── INFORMATION SUPPLIED ──

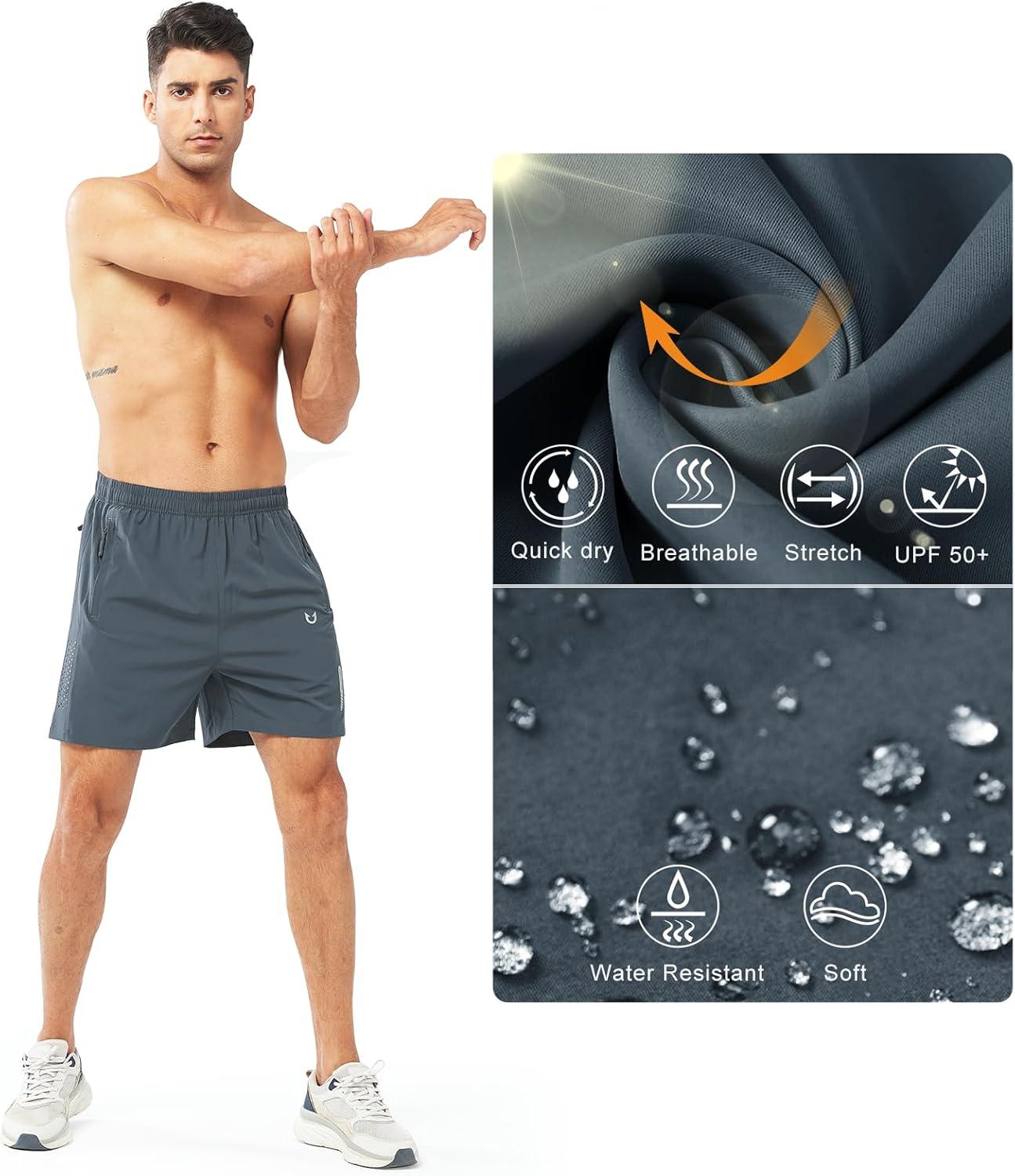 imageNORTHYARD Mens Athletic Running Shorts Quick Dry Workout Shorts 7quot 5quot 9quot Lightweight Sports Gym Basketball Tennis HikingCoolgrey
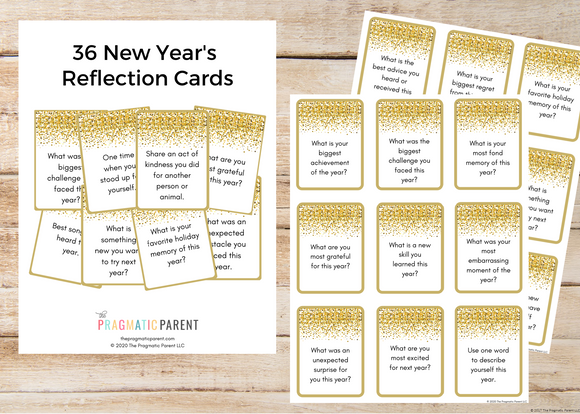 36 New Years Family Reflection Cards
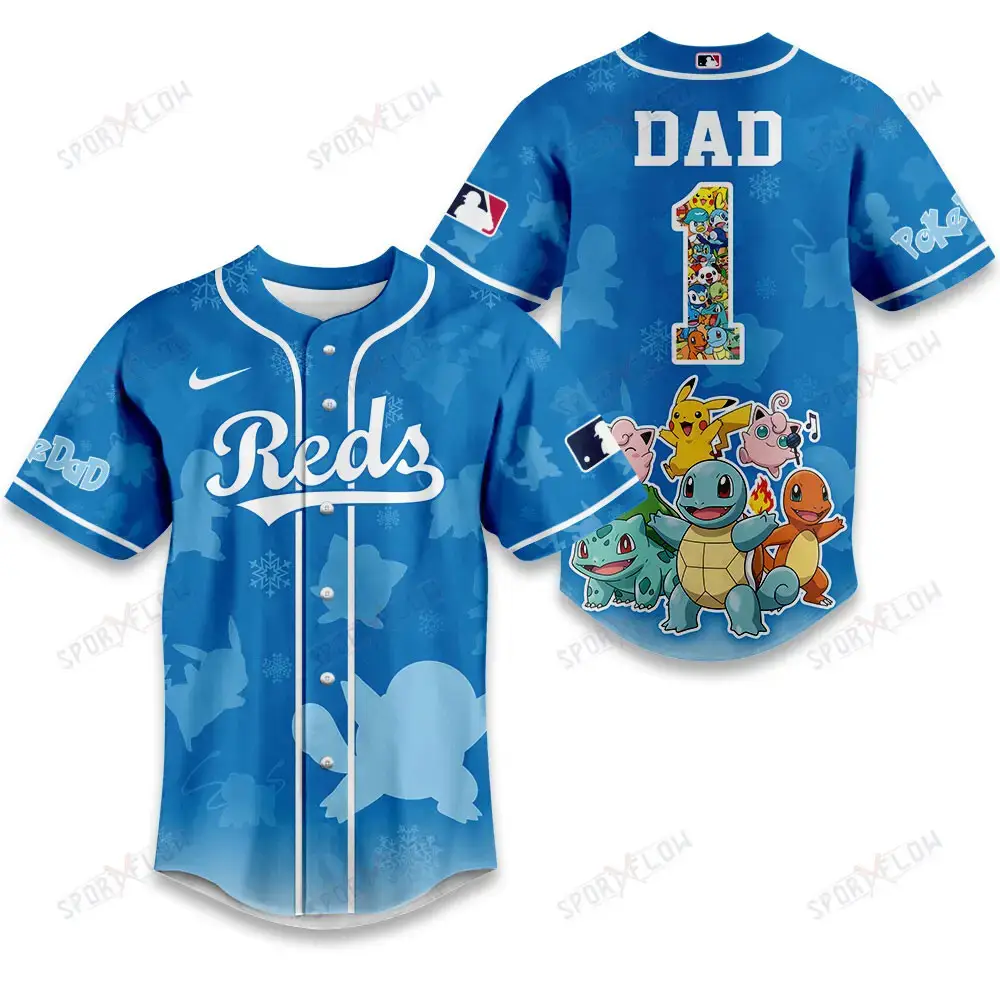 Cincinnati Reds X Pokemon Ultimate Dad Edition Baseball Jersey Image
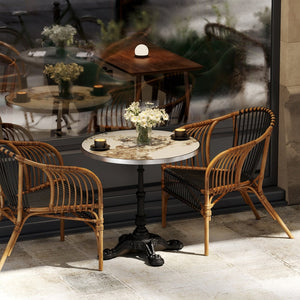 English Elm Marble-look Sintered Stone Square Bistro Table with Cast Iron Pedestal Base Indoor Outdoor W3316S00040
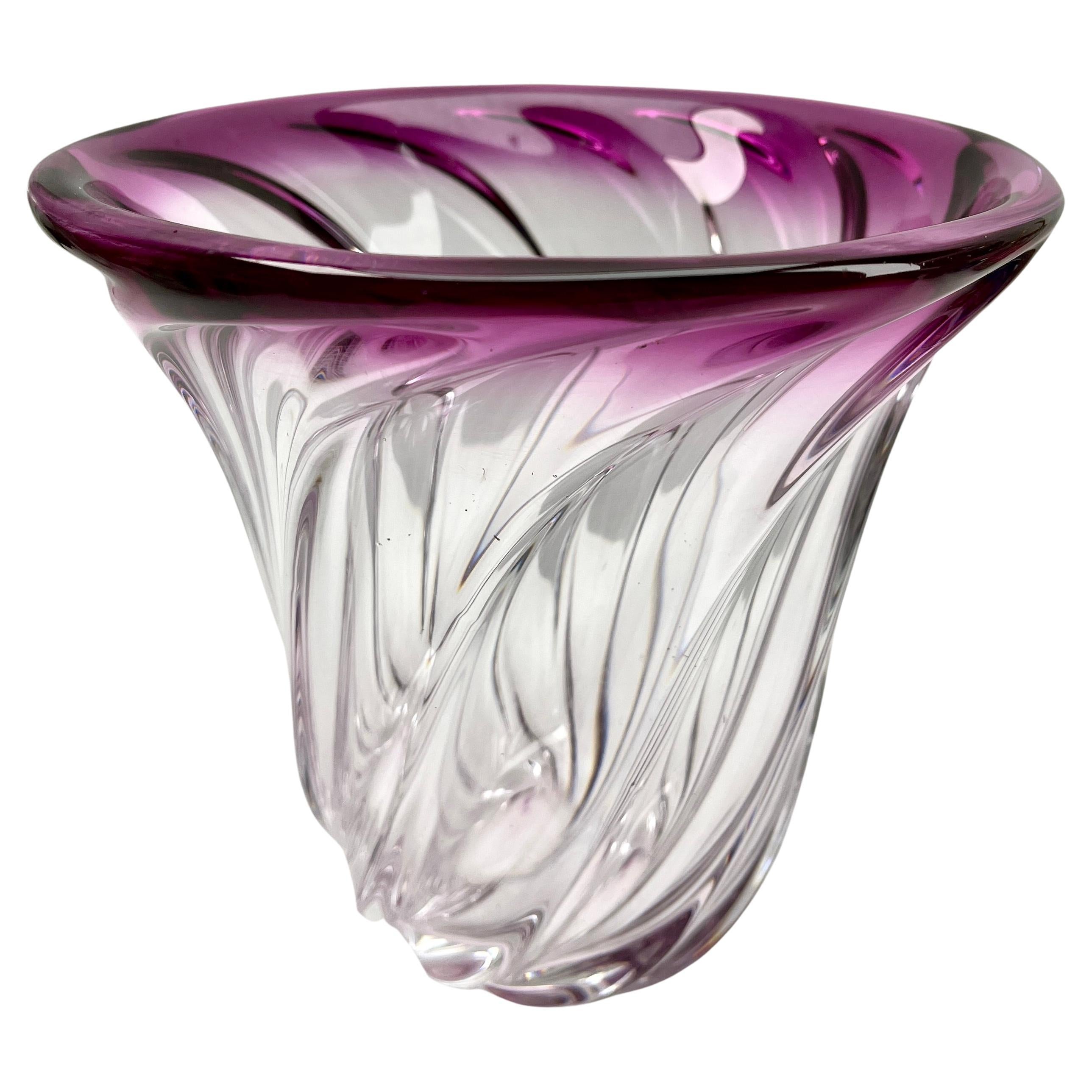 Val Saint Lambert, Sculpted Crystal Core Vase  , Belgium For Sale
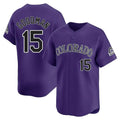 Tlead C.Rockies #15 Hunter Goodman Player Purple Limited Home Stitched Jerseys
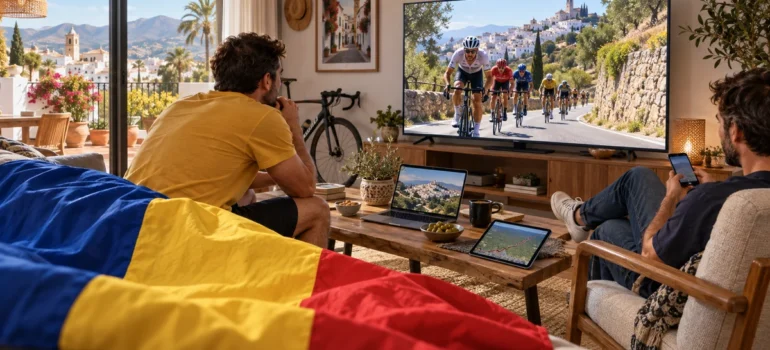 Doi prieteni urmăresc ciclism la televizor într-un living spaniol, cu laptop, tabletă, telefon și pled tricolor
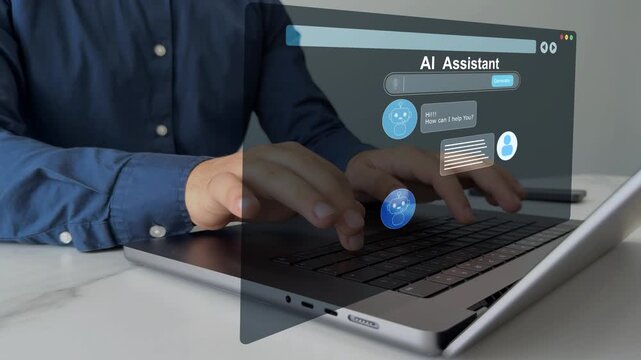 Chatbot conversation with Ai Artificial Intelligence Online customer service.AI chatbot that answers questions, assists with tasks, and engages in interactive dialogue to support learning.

───

*EXERCISE DETAILS:*
Hand back the data above exactly, leaving out all pictures.

*COMPLETED EXERCISE:*
 imageNORTHYARD Mens Athletic Running Shorts Quick Dry Workout Shorts 7quot 5quot 9quot Lightweight Sports Gym Basketball Tennis HikingCoolgrey
 36 New Years Family Reflection Cards
 Cincinnati Reds X Pokemon Ultimate Dad Edition Baseball Jersey Image
 English Elm Marble-look Sintered Stone Square Bistro Table with Cast Iron Pedestal Base Indoor Outdoor W3316S00040
 Val Saint Lambert, Sculpted Crystal Core Vase  , Belgium For Sale
 Tlead C.Rockies #15 Hunter Goodman Player Purple Limited Home Stitched Jerseys
 Doi prieteni urmăresc ciclism la televizor într-un living spaniol, cu laptop, tabletă, telefon și pled tricolor
 Chatbot conversation with Ai Artificial Intelligence Online customer service.AI chatbot that answers questions, assists with tasks, and engages in interactive dialogue to support learning.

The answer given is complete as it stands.